The second day of protests continued in Ferguson, Mo., as police arrested some 44 people, but authorities considered Tuesday’s protests to be more calm overall, and attributed that to the some 2,000 National Guard troops deployed to the St. Louis suburb.
According to the St. Louis Post-Dispatch, St. Louis County Police Chief Jon Belmar noted that of the 44 arrested, four were hit with felony charges including weapons and assaults on officers. Belmar also reported that two guns and a Molotov cocktail were taken from protesters over a night that started with a few hundred gathered in front of City Hall. According to Belmar, police used tear gas to disperse the crowd at City Hall, but that that was the only time tear gas was used all night.

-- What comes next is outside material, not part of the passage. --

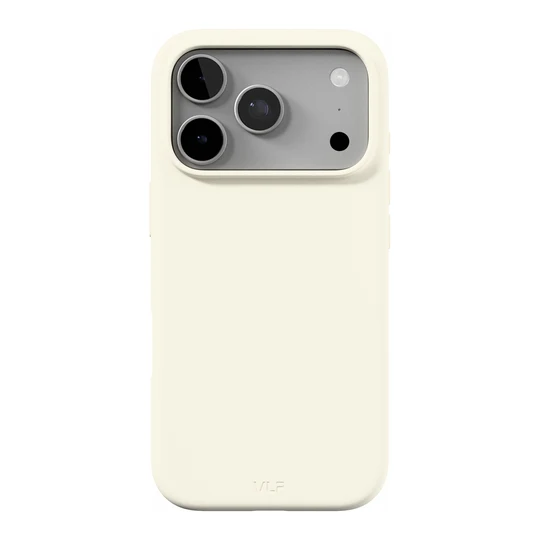 Чехол VLP LITE Mist Case с MagSafe для iPhone 18 Pro Белый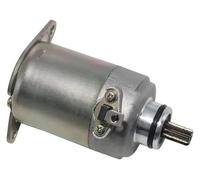 For K&YMCO For Super 8 125 4T For Euro III For K&YMCO For Agility For City 125 OEM 31200-KUDU-C00 Motorcycle Starter Motor Electric Starter Motor Assy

The Post-Dispatch reports that the night included some vandalism by protesters and the torching of police cars, but there was nothing along the scale of Monday’s protests, which included the burning of some 12 businesses.
“We did have a much better night,” Missouri Highway Patrol Capt. Ronald S. Johnson said at a press conference, the Post-Dispatch reports.

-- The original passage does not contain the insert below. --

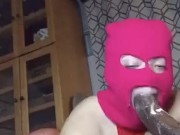 Extreme Deepthroat And Throat Fucking  7/16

Belmar claimed that protesters threw “projectiles that included rocks, pieces of asphalt and bottles filled with urine,” and he credited his officers and the guard troops for the restraint they exhibited while being pelted with objects.
In addition to tripling the National Guard’s presence from some 700 to 2,000, Belmar believes that closing a stretch of West Florissant Avenue where business had been looted and burned helped center the protesters into a smaller location. The Post-Dispatch notes that some of those businesses that had been set ablaze Monday were still smoldering well into Tuesday night.
Both Belmar and Johnson noted during the press conference that Monday’s reaction to the grand jury’s decision not to indict Darren Wilson was much bigger than they had anticipated.
“I don’t think anybody thought it was going to be this magnitude,” Johnson said.